Material for the task.
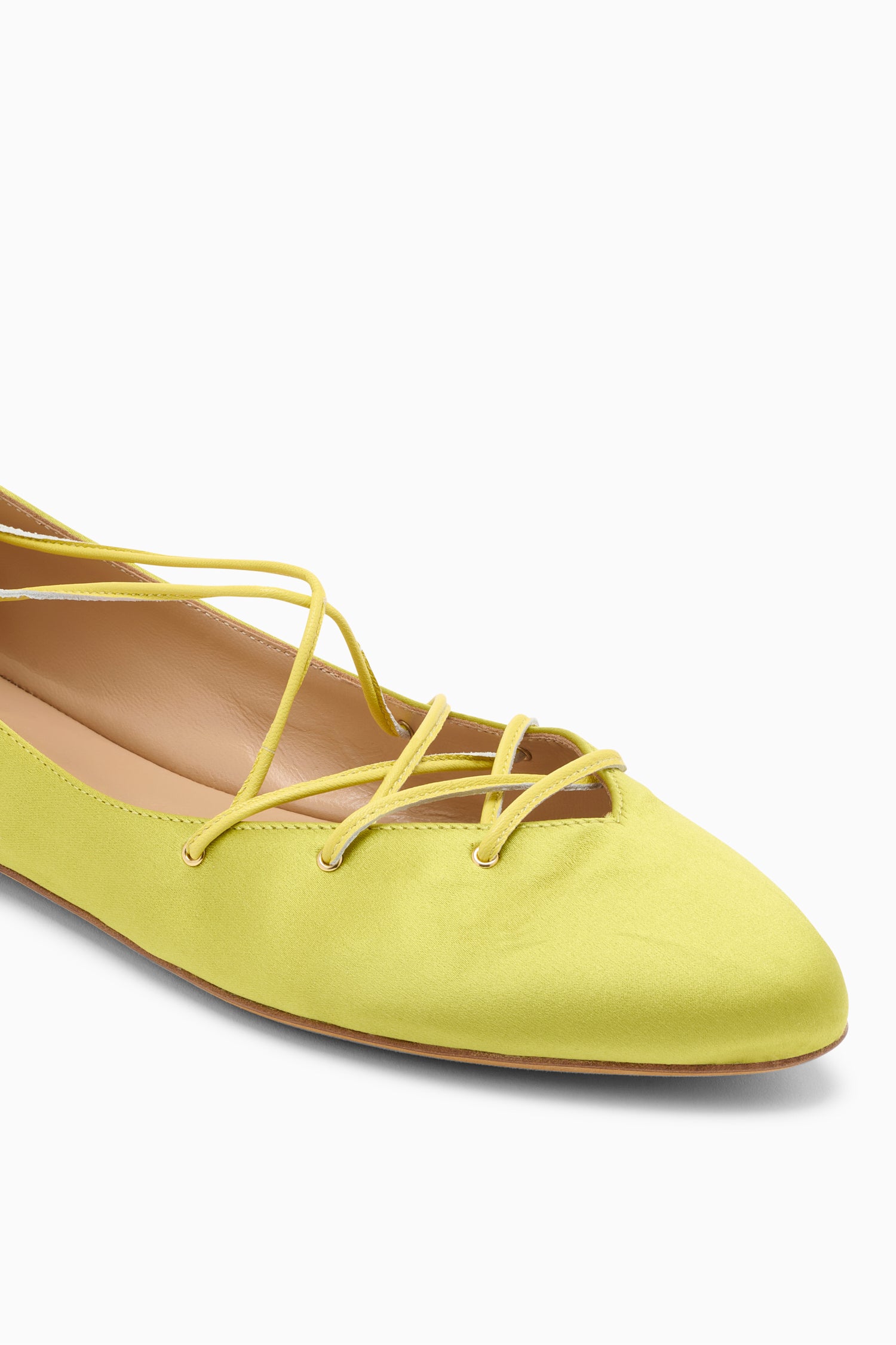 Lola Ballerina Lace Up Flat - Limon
---
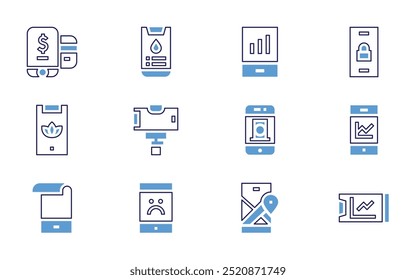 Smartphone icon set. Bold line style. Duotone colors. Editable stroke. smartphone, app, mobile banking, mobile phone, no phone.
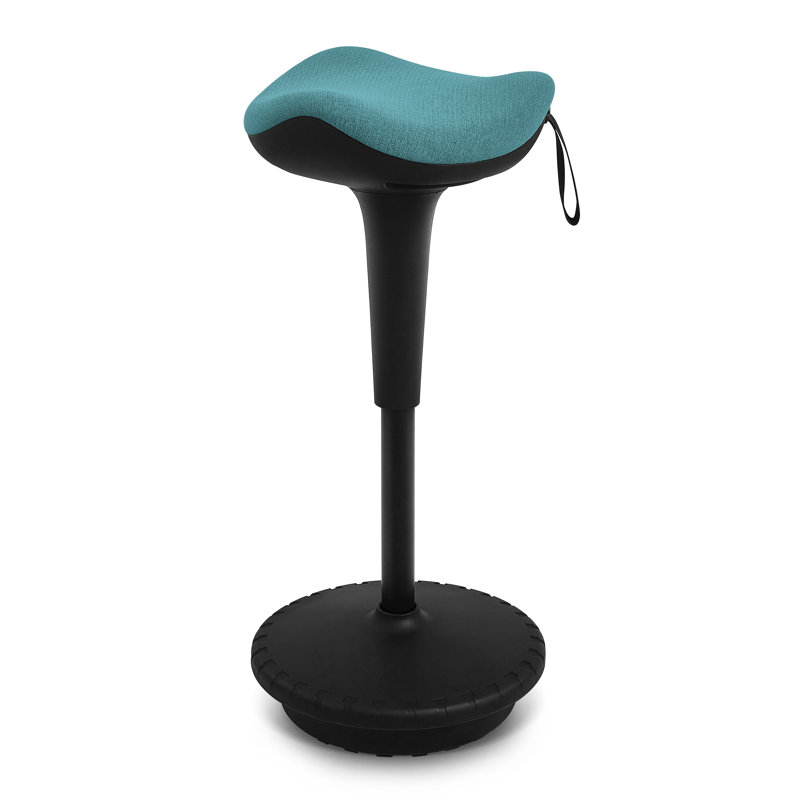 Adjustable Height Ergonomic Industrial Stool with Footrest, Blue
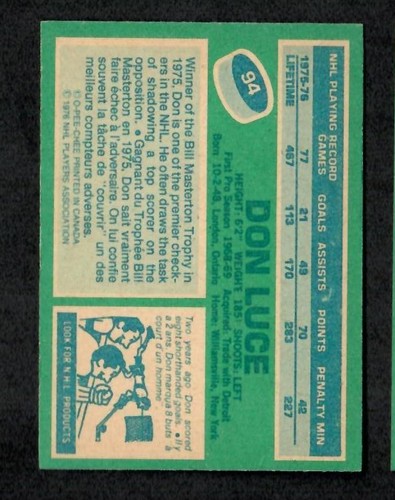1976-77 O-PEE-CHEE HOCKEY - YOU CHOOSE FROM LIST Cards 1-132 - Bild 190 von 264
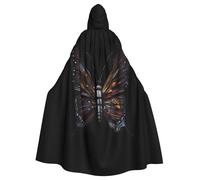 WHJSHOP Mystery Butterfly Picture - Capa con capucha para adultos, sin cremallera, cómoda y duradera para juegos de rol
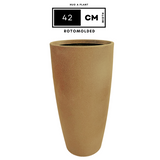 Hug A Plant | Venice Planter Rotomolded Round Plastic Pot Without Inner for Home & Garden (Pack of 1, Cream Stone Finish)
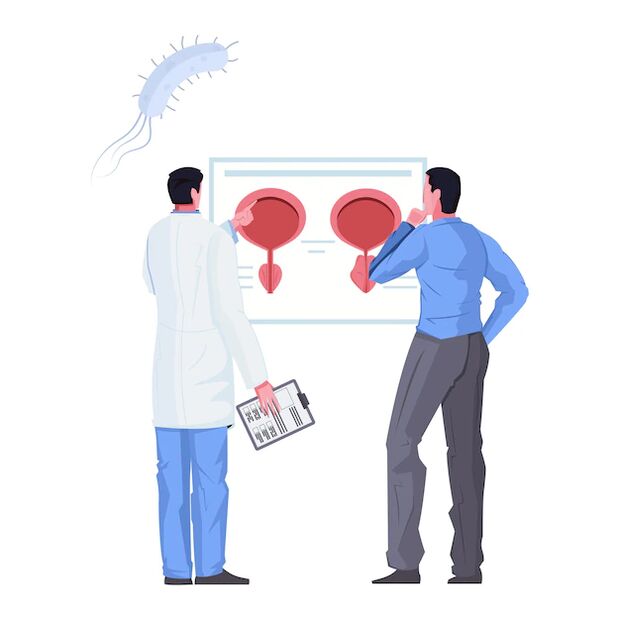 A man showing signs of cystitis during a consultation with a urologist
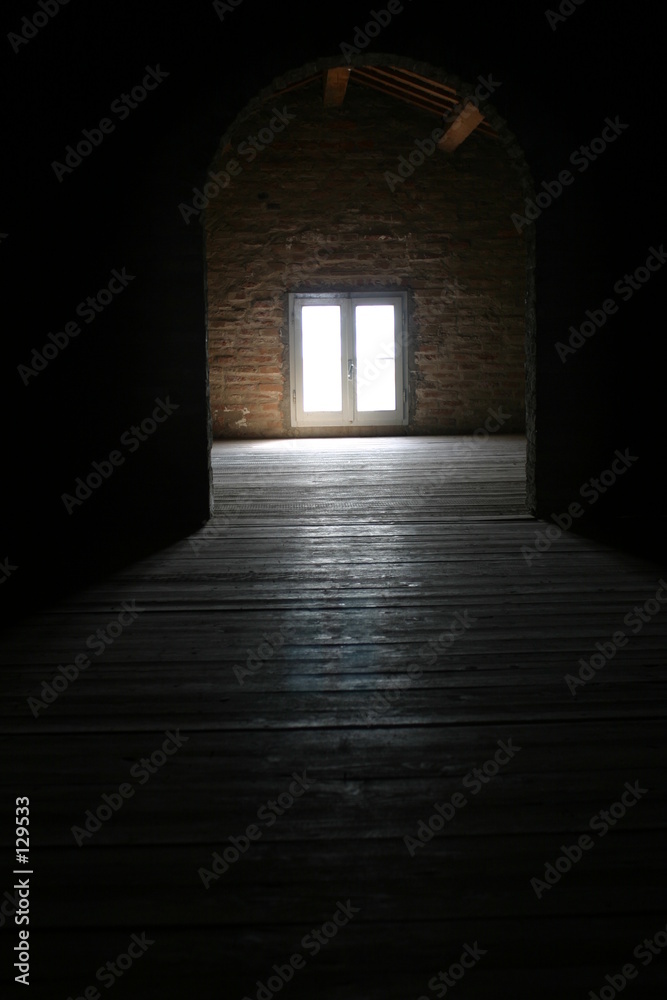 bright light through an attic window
==
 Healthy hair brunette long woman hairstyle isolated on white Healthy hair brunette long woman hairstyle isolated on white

Brief. Print the line above containing "A man showing", the line containing "bright light through an attic window", and everything between them, exactly as written. Pictures stay out.

Written reply.
 A man showing signs of cystitis during a consultation with a urologist
 bright light through an attic window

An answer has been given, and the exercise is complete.